Segment Start: Exercise input

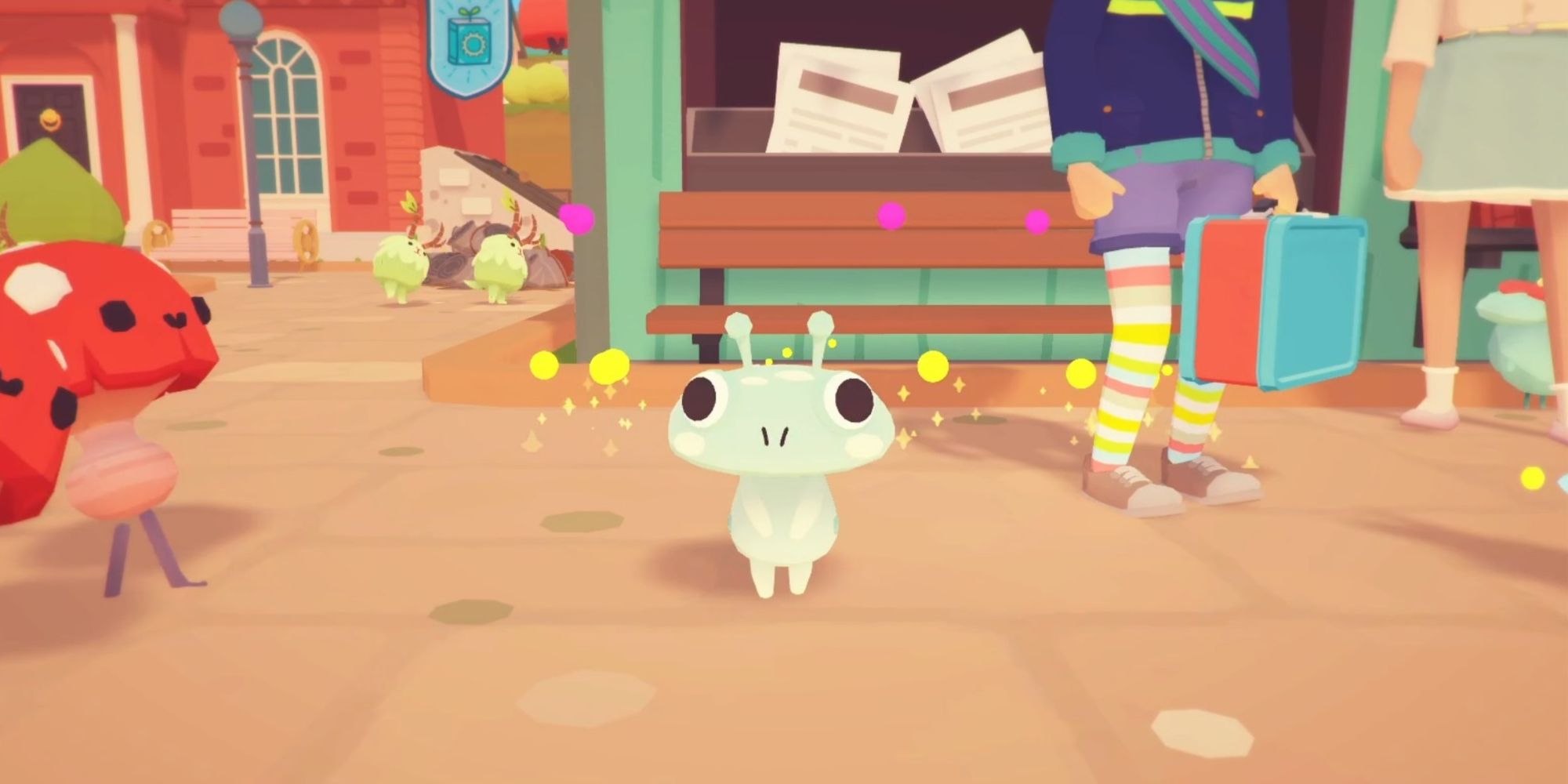 Ooblets Receiving Tud From the Club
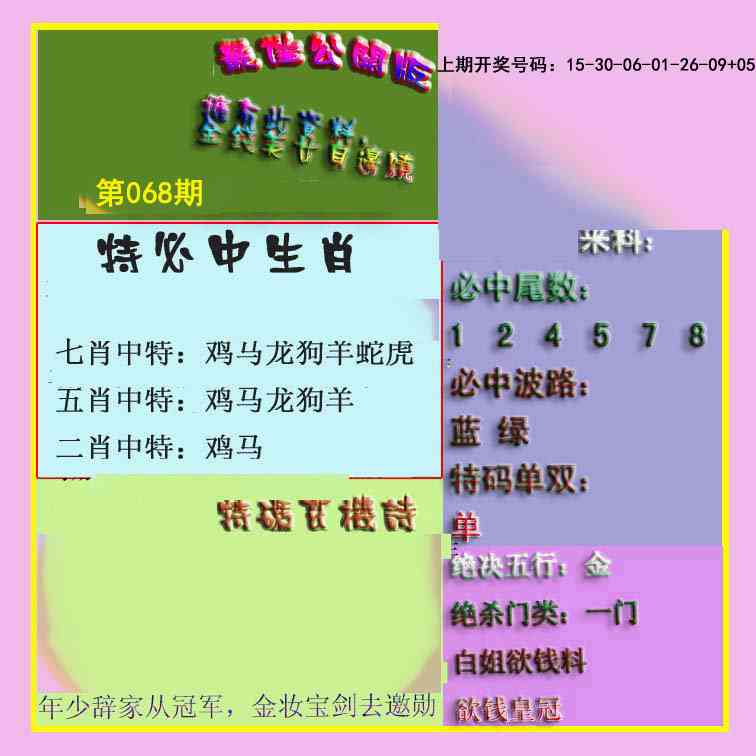 068期波肖门尾最佳公开版[图]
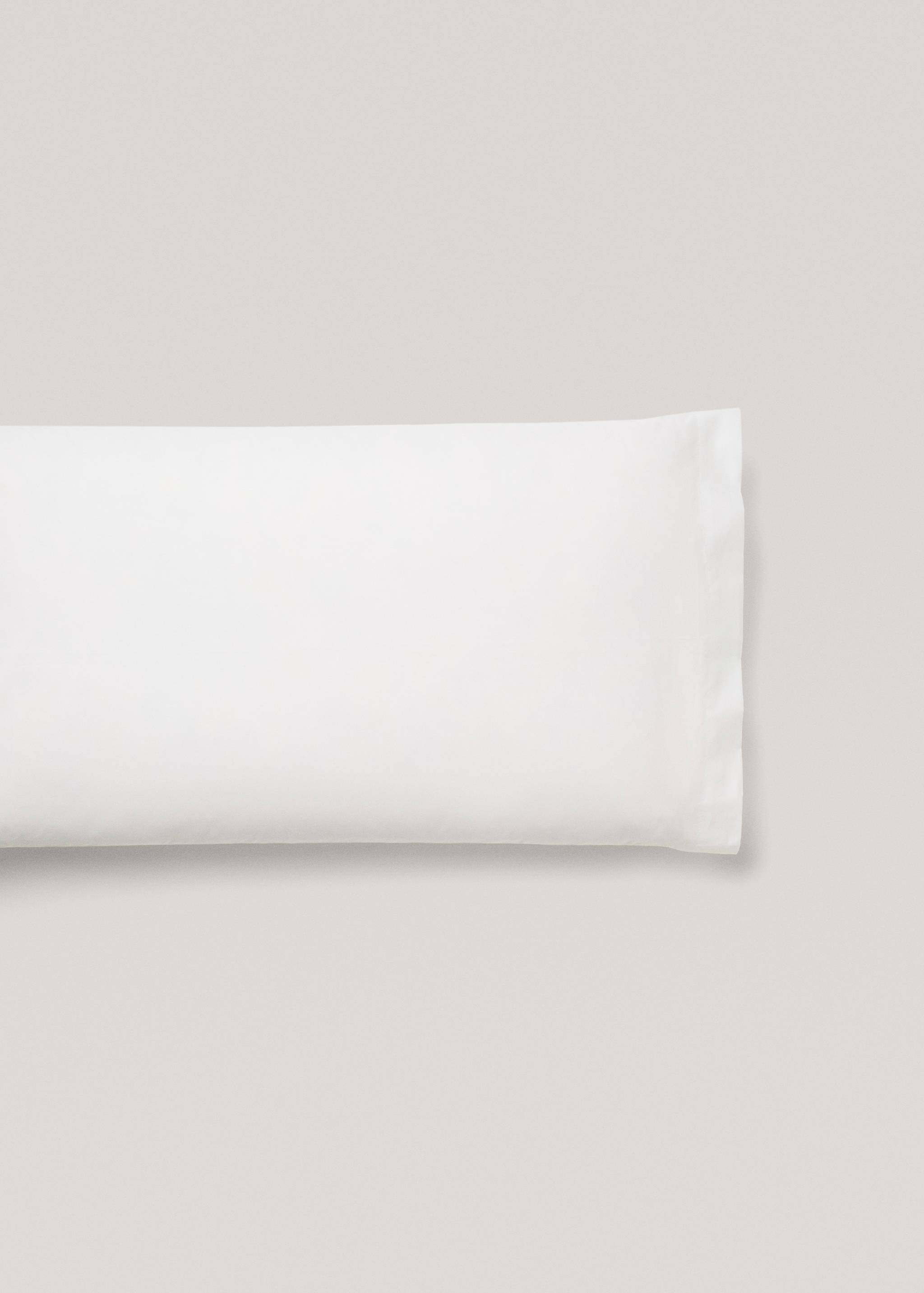 Funda de cojín algodón percal (500 hilos) 60x60cm (Pack de 2) - Artículo sin modelo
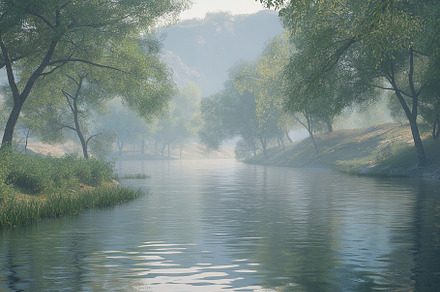 Majestic River Landscape, a Nature Photo by HubbaDigitals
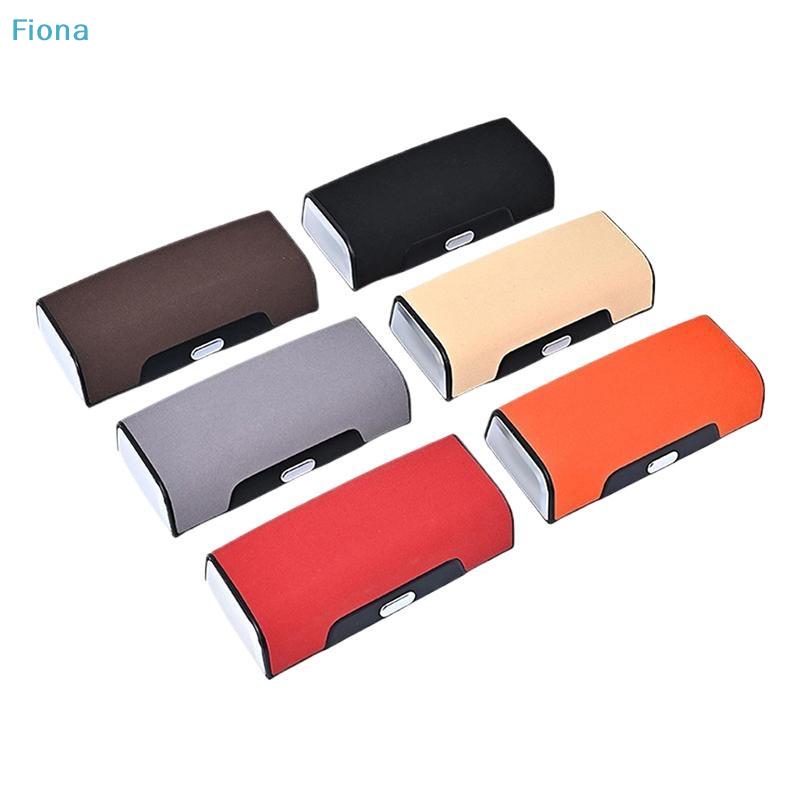 Car Sun Visor Sunglasses Case, Clip-On Magnetic Glasses Holder for Auto Interior Storage
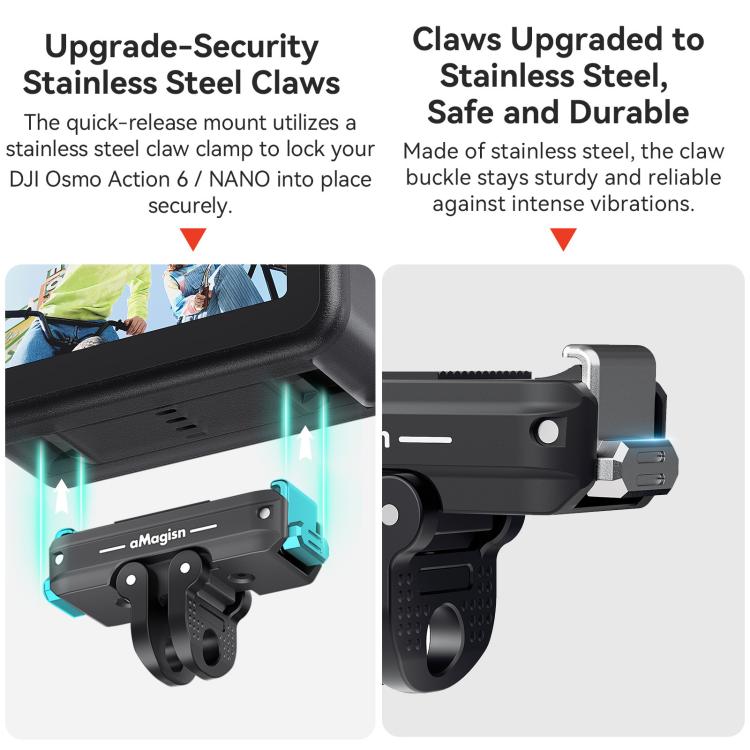 Adaptador de liberación rápida magnético bidireccional aMagisn 2.0 para DJI Osmo Action 6/Nano, aMagisn Adapter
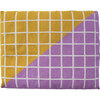 Grid Dog Bed Cover, Marigold/Lilac - Pet Beds - 1 - thumbnail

Segment End: Exercise input

▶ [Exercise objective]: An exact copy of the entries, minus the pictures, is what to return.

▶ [Solution for this task]:
 Ooblets Receiving Tud From the Club
 068期波肖门尾最佳公开版[图]
 Funda de cojín algodón percal (500 hilos) 60x60cm (Pack de 2) - Artículo sin modelo
 Majestic River Landscape, a Nature Photo by HubbaDigitals
 Car Sun Visor Sunglasses Case, Clip-On Magnetic Glasses Holder for Auto Interior Storage
 Adaptador de liberación rápida magnético bidireccional aMagisn 2.0 para DJI Osmo Action 6/Nano, aMagisn Adapter
 Grid Dog Bed Cover, Marigold/Lilac - Pet Beds - 1 - thumbnail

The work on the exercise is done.